There is a story in scriptures where a Samaritan village would not allow Jesus or His followers to stay in their town as they passed through simply because they were Jews. Two of His closest disciples approached Jesus and said, “Lord, do you want us to command fire to come down from heaven and consume them, just as Elijah did?” Not real tolerant. Not real accepting. This coming from people who in a few short weeks would spend the rest of their lives running and hiding from people intolerant of their beliefs.
Every time Jesus saw faith, or a lack of faith, He pointed it out. Usually it was the disciples who lacked faith, even though they spent almost all day every day with him for three years. And it was usually the Gentiles and the Samaritans who showed great faith. Could Jesus have walked 100 miles to meet this woman just to teach His disciples a lesson? If Jesus could heal her daughter from where He was, couldn’t he have healed her from Gennesaret? He is God. He knew about her condition. He wanted to meet her where she was, but more importantly He wanted His disciples to meet her. His disciples were intolerant of other cultures (which would soon have to change because Christianity did not stay within the confines of Judaism for very long) and they were not very compassionate. Jesus was really just acting as intolerant and rude as His disciples were to illustrate a point.

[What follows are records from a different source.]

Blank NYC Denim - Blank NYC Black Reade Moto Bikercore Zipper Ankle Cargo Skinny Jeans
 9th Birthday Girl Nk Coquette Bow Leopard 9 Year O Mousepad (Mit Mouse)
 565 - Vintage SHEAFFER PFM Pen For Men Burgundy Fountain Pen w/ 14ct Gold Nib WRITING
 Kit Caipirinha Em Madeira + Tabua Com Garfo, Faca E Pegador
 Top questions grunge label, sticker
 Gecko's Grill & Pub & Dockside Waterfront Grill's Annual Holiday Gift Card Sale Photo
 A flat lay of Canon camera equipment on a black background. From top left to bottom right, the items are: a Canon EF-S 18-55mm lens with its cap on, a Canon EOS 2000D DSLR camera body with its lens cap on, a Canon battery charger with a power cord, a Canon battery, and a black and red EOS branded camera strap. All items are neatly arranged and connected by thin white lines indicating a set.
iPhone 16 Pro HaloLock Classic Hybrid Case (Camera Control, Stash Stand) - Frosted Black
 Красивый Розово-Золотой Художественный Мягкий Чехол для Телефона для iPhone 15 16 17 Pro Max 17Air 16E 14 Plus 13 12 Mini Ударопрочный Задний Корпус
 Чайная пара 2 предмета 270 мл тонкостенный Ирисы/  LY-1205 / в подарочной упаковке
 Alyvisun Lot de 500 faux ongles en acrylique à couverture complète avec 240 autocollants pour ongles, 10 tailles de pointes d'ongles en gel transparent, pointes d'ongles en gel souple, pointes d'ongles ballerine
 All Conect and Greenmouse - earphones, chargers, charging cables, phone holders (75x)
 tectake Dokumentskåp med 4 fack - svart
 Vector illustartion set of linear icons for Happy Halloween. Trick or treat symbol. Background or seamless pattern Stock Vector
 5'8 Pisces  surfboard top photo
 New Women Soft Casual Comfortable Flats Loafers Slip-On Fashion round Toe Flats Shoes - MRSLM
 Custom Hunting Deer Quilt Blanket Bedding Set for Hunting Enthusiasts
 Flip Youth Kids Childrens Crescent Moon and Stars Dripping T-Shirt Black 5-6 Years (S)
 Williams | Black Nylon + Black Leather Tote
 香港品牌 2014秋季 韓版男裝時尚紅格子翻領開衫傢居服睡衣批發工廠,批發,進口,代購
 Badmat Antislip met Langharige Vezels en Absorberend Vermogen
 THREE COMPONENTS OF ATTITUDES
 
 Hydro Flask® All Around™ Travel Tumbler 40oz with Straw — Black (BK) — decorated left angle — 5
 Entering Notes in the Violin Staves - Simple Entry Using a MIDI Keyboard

Let’s look at the last section again with the idea in mind that Jesus was testing His disciples more than He was testing the woman. Picture the scene in your head. The woman kneels before God and says, “Lord, please help me.” Jesus replies, “It is not right to take children’s bread and toss it to the dogs.” Is Jesus smiling at the woman? Does He say His line and then wink at her, showing her that He is testing her and His disciples, and she is faring better than them? Does he say that line in a tongue in cheek manner? Have you ever seen someone say something that could be taken very badly but everyone present to witness it could tell by the person’s face, smile, or body language that he meant it in a joking manner? Could Jesus have been just joking with the woman after He was finished testing His disciples like an athlete jokes with his competitors right after a tough game or match? I think so. If we could only see a visual replay of this scene, many of our questions could be answered.
Now picture the woman saying, “Yes, Lord, but even the dogs are fed the crumbs which fall from the master’s table.” Does the woman recognize Jesus calling her a “dog” as a playful test? Can you see Jesus not being able to control the excitement inside as He sees this Gentile woman showing more faith than His highly trained disciples? He finally can’t keep it in any longer and has to blurt out, “O woman, great is your faith!” Then He heals her daughter and the two of them hug. After that touching moment, He let’s her embrace go as she races home to see her healed daughter. Jesus watches her run away for a few seconds, and then slowly turns around to see His disciples standing their shocked, dumfounded, and embarrassed. Jesus scowls at them and they hang their heads knowing it’s going to be a long walk to wherever they’re going next as Jesus would be taking them to the woodshed the entire trip. His disciples showed again a huge lack of faith and compassion, and His time with them was getting short.